The U.S. Federal government announced yesterday it will be cutting its bond buying program by $10 billion a month, a move that can adversely affect homebuyers in the form of higher interest rates.
Since September 2012, the government has been purchasing $85 billion in bonds each month as part of a program called "quantitative easing" in an attempt to lower long-term interest rates following the financial crisis.
After a two-day meeting, Fed Chairman Ben Bernanke announced the government will cut back on both types of bond purchases -- mortgaged-back securities and Treasuries -- by $5 billion each month starting in January. The new cut marks the beginning of a gradual end to the program, nicknamed by Wall Street as "tapering."
"In light of the cumulative progress toward maximum employment and the improvement in the outlook for labor market conditions, the Committee decided to modestly reduce the pace of its asset purchases," the Fed said in a statement.
The housing market witnessed a boost from the Fed's quantitive easing program, as mortgage rates reached historic lows in the last few years. In May, when tapering first came up as a possibility later in the year, interest rates began to rise, with the 30-year fixed-rate mortgaged increasing from 3.88 percent to 4.38 percent.
While mortgages remain low, yesterday's announcement could cause a pause in the housing market recovery, analysts say.
"You have to be prepared for interest rates to be rising. Not dramatically, but they will move higher across the board," David Joy, chief market strategist at Ameriprise Financial, told Fox Business. "So if you are taking out a mortgage, buying a car or getting a new credit card, you can expect a higher rate."
However, in yesterday's announcement Fed Chairman Ben Bernanke said the central bank is committed to hold its key short-term rate near zero, while keeping watch on inflation.

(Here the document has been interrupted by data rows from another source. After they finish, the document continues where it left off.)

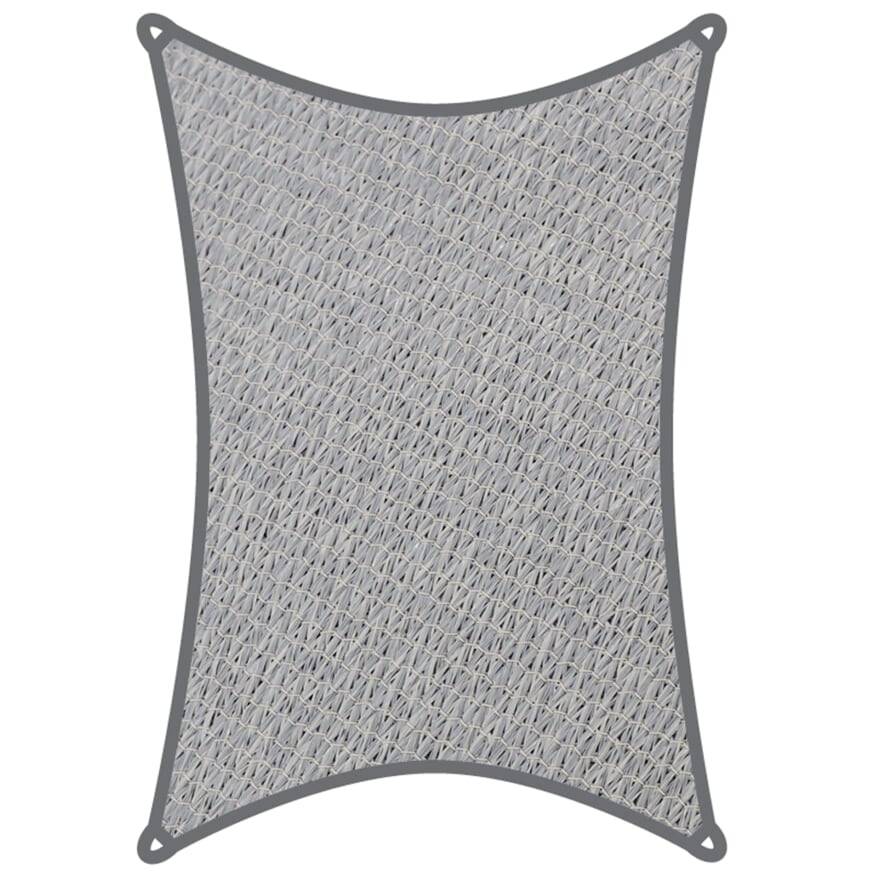 Coolaroo schaduwdoek rechthoek 5x3m Grijs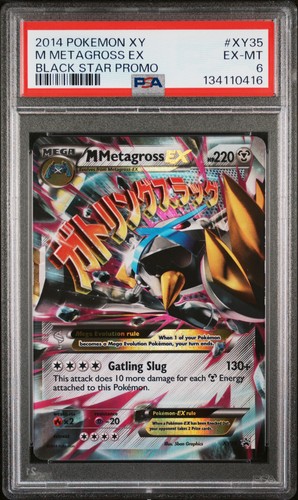 M Metagross-EX graded PSA 6 for sale on eBay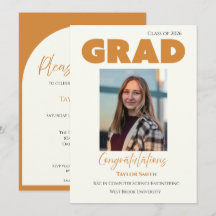 Elegante moderne orangene Schreibmaschinenschrift 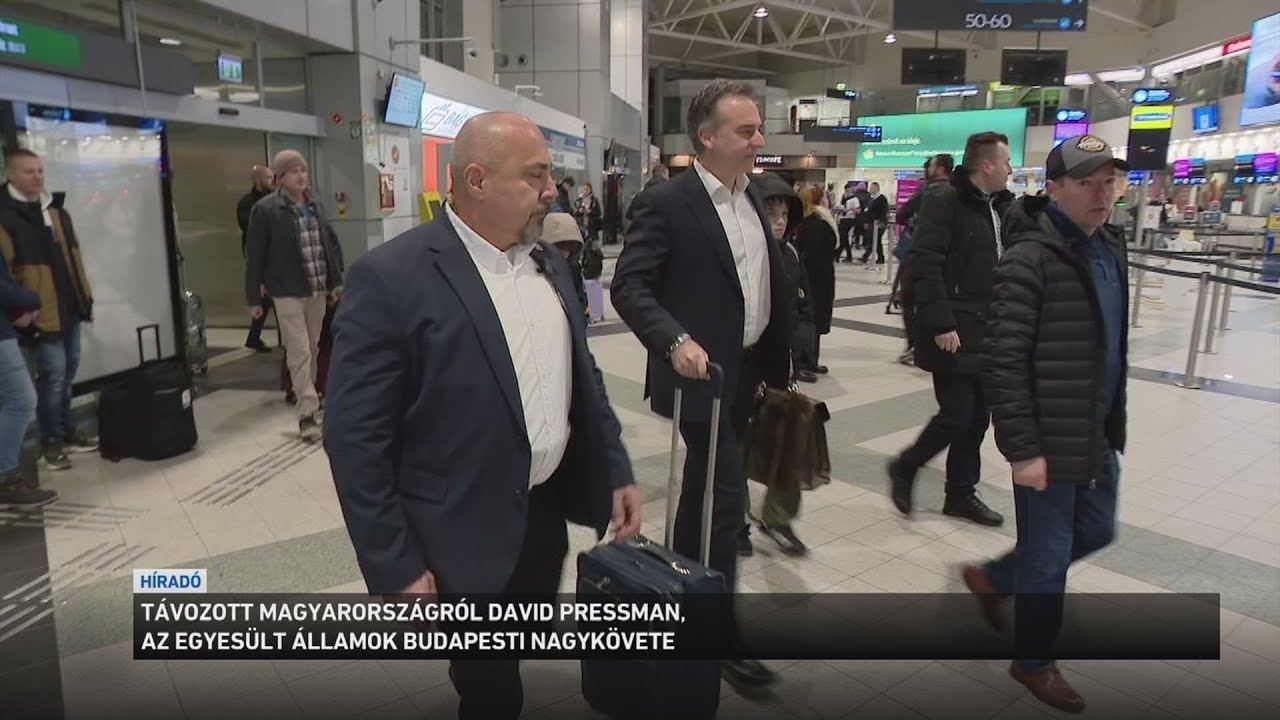 Távozott Magyarországról David Pressman, az Egyesült Államok eddigi budapesti nagykövete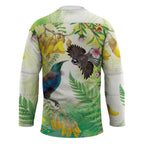 New Zealand Maori Mahuru Hockey Jersey Tui With Pikawakawa Spring Colors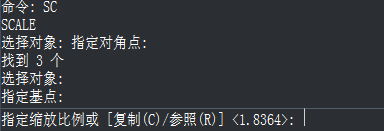 CAD中不計算比例值如何根據(jù)距離直接快速縮放 CAD中不計算比例值如何根據(jù)距離直接快速縮放
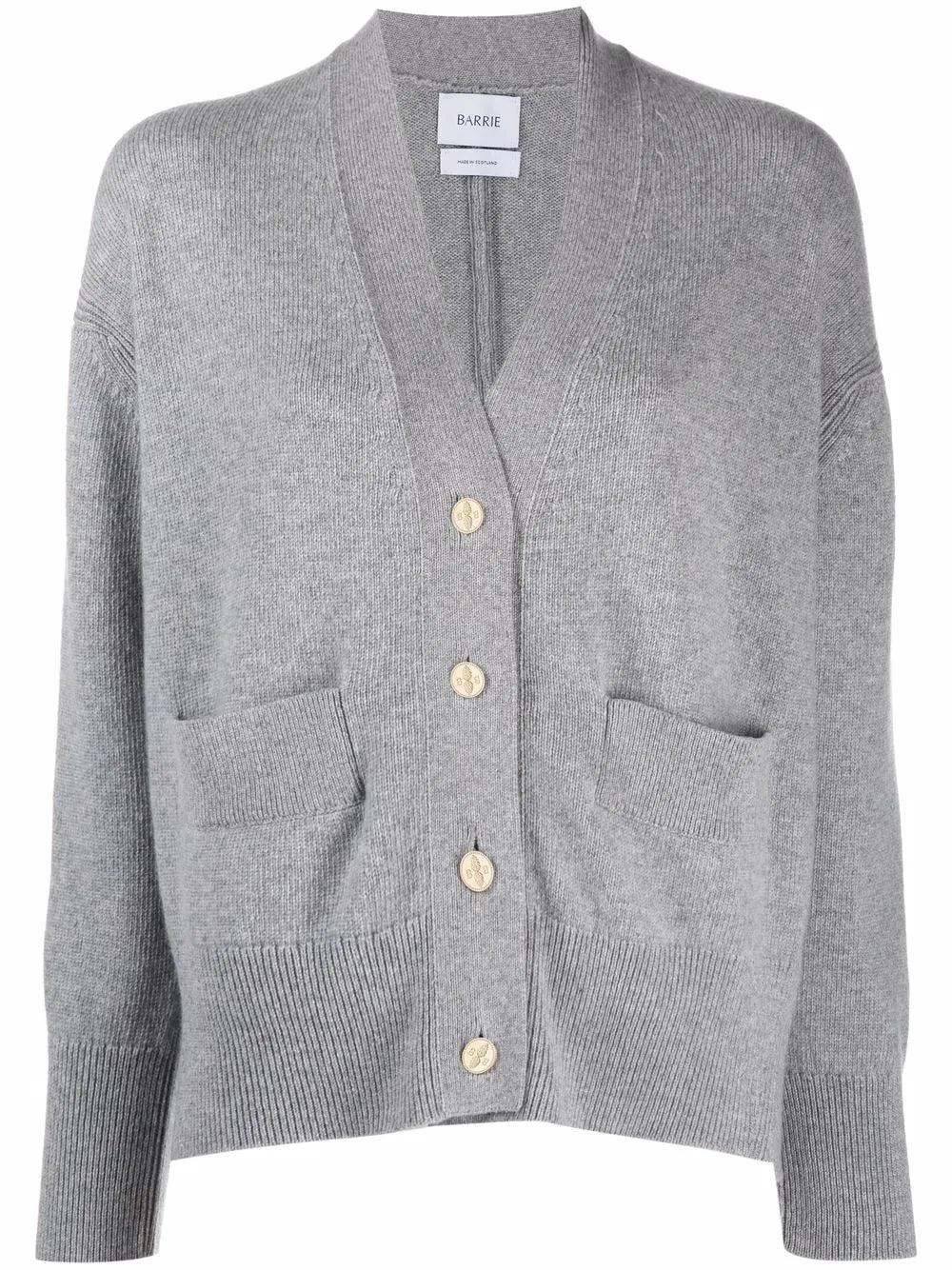 Rib-Detail Cashmere Cardigan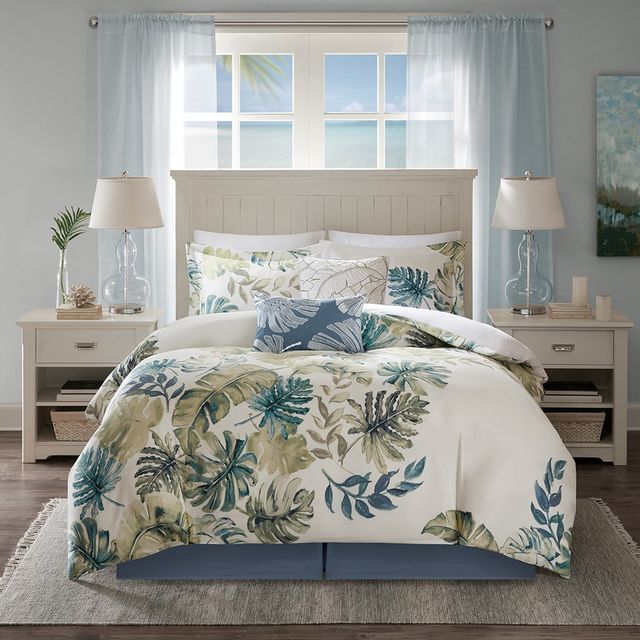 Olliix by Harbor House 6 Piece Multi King Lorelai Cotton Printed Comforter Set-2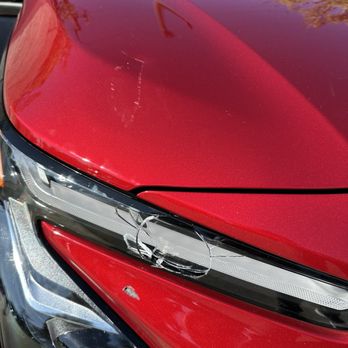 Round 2 Refinish - Damage on headlight, bumper, and dented hood. - Auto Customization Near Me - San Bernardino, California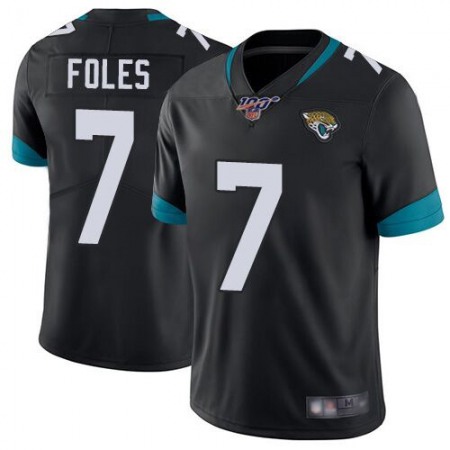 Men's Jacksonville Jaguars #7 Nick Foles Black 2019 100th Season Vapor Untouchable Limited Stitched NFL Jersey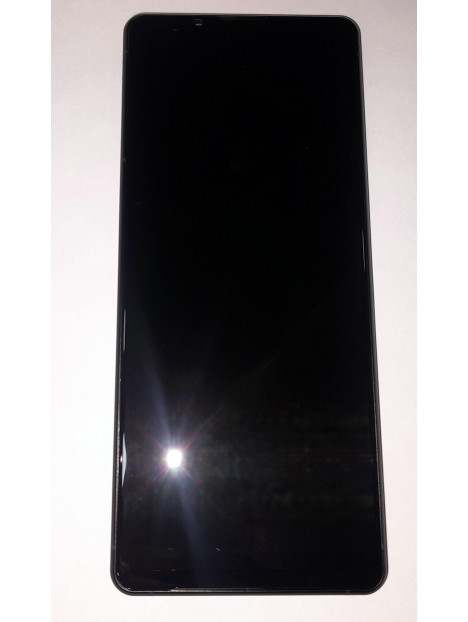 Pantalla lcd para Sony Xperia 1 III A5032173A mas tactil negro mas marco negro Service Pack Premium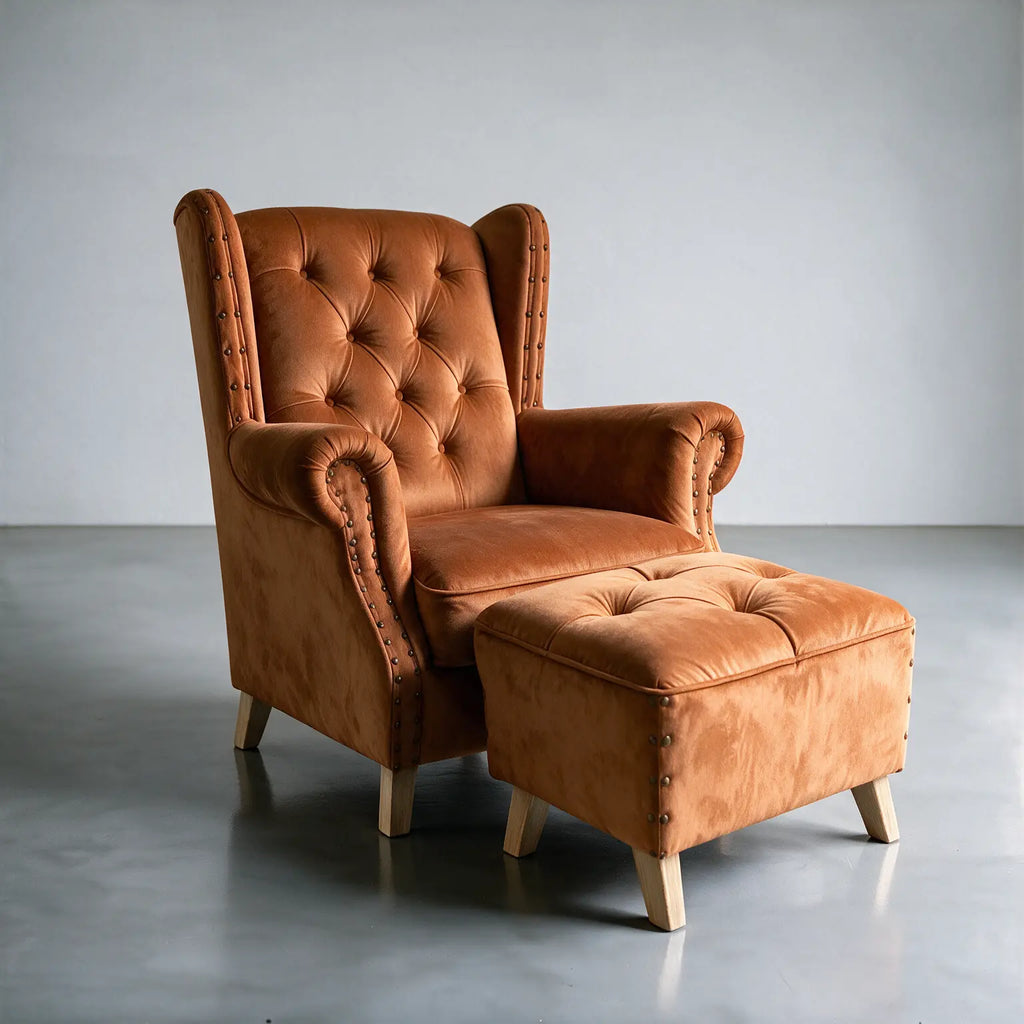 Butaca capitoneada modelo Bergere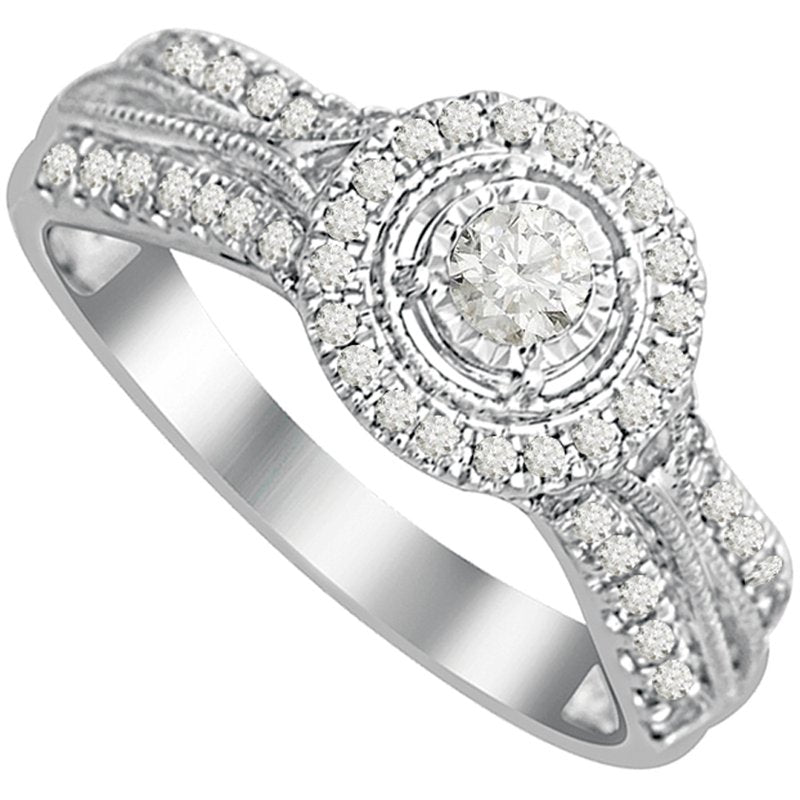 AV Diamonds Engagement Ring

The Fed "is determined to avoid inflation that is too low, as well as inflation that is too high," Mr. Bernanke said.
As we approach year-end, many hope this latest announcement from the Fed will not derail the overall recovery seen so far.
"Housing has been the backbone to the recovery," Mr. Joy said. "When rates backed up over the summer, housing number flatlined. They didn't decline per se, but they stopped accelerating. So if rates move higher it will be important to keep an eye on activity."